In the mean time, I’ve been wondering if I should add an A1 or perhaps the new A7RV to my fleet of cameras to tick the “8K” box. Having shot with the 8K Venice and the A1 I can see that that for some projects starting at 8K does have benefits. I absolutely adore the images from the 8K Venice 2 sensor and the A1 looks pretty good too. I shot this 8K video in Norway.

So then you start thinking – Do I really need big cameras like the FX9 or FX6? Purely from an image quality point of view I don’t think you do. BUT from an ergonomic point of view there can be a lot of issues with small cameras. Let’s take a look…..

No ND filter. The built in ND filter of the FX6/FX9 and Venice make life so, so much easier whenever you want to shoot outside. For most daylight shoots, when shooting at 800 ISO you are going to need an ND filter if you want to use a sensible shutter speed and aperture. Of course, you can add an ND filter to the front of your lenses, but it’s hard to ignore the convenience and consistency of a built in behind the lens ND filter system. It saves time, is less fiddly, makes swapping lenses easy and is one thing I miss every time I use a DSLR style camera body. BUT it isn’t a deal breaker, you can still add external ND’s.

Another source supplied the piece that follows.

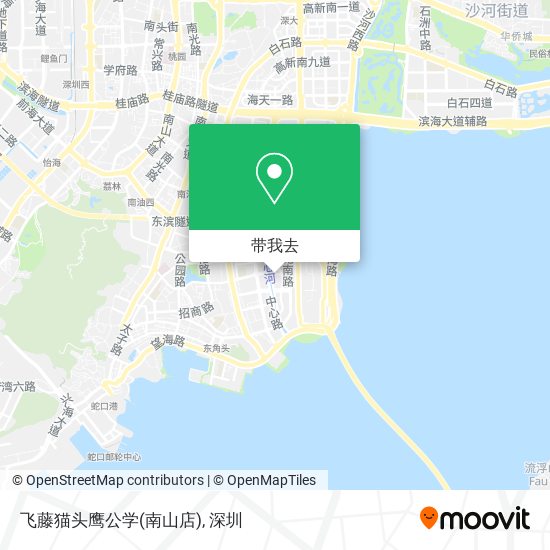 飞藤猫头鹰公学(南山店)地图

Outputs: This is harder to resolve. The Sony DSLR style cameras all have some serious output limitations. They only have a single HDMI output and when you use the HDMI output there are limitations over where you can see the screen overlays and information about shutter speed, frame rates etc. Plus you get things like having to use the cameras touch screen to control the touch focus, but the live images only being on the external monitor (or in the EVF in the case of the A7RV, A1). The HDMI on the newer cameras is 10 bit and you could add a splitter or SDI converter if that’s what you need, but then you are hanging a load of extra boxes off the camera.

And talking of extra boxes – when the camera is so small, where do you attach any extras like a better external viewfinder, a monitor, wireless video sender etc? There simply isn’t enough real estate on these very small cameras, even the FX6 can lack sufficient space if you ave a lot of extra stuff you want to attach to the camera.

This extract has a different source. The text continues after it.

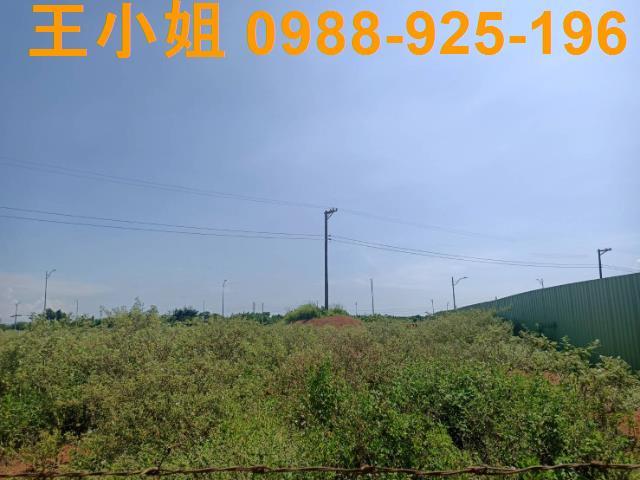 桃園建地-14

There is the issue of powering it all. It’s not as bad as it used to be as in most cases you can use the cameras USB-C port and a USB-PD compatible power source to power the camera. But this isn’t as convenient as running everything of a single V-Lock battery. You can adapt from D-Tap to USB-C and some V-Mounts have USB-C, but it still gets messy and the USB-C connector is not very robust.

Finally by the time you’ve got the DSLR sized camera rigged up it becomes so buried in wires, cables and accessories that the tiny buttons become hard to get at, the built in LCD gets hard to see and it all becomes an ergonomic nightmare. While the camera remains the size and shape of a DSLR many of these issues will remain. 

So- while I have to say I am extremely tempted by the A1 or A7RV I still can’t see how one would replace my FX6 or FX9. I could perhaps see an A1 becoming an alternative to my FX3, but I would miss the Cine EI mode. The one thing that keeps the FX3 easy to use when shooting S-Log3 is that Cine EI mode.  Without it, I would want to use an external monitor with LUT’s and then that defeats the purpose of a very small camera like the FX3.

But still, despite all of the above, the A1, A7RV, A7SIII etc are extremely capable cameras. In the right hands there is no reason why they won’t produce stunning content that audiences would not be able to separate from content from full size cinema cameras. Of course, if you do side by side, like for like tests you will find differences, but show an average viewer 2 different shots, equally well executed, one from perhaps a Venice and the other from an A1, in most cases it would be extremely hard to categorically say which is which. So really it comes down to the skill of the operator, the lenses used, the choice of locations and the lighting. Whether you shoot with an A1 or and FX6, an FX30 or a Venice, the camera isn’t going to be what decides the final quality, it will be how you use it, what you shoot with it, your composition and lighting.

And that makes this a really exciting time to be a film maker, because even a low cost camera like the FX30 could be used to shoot an award winning film.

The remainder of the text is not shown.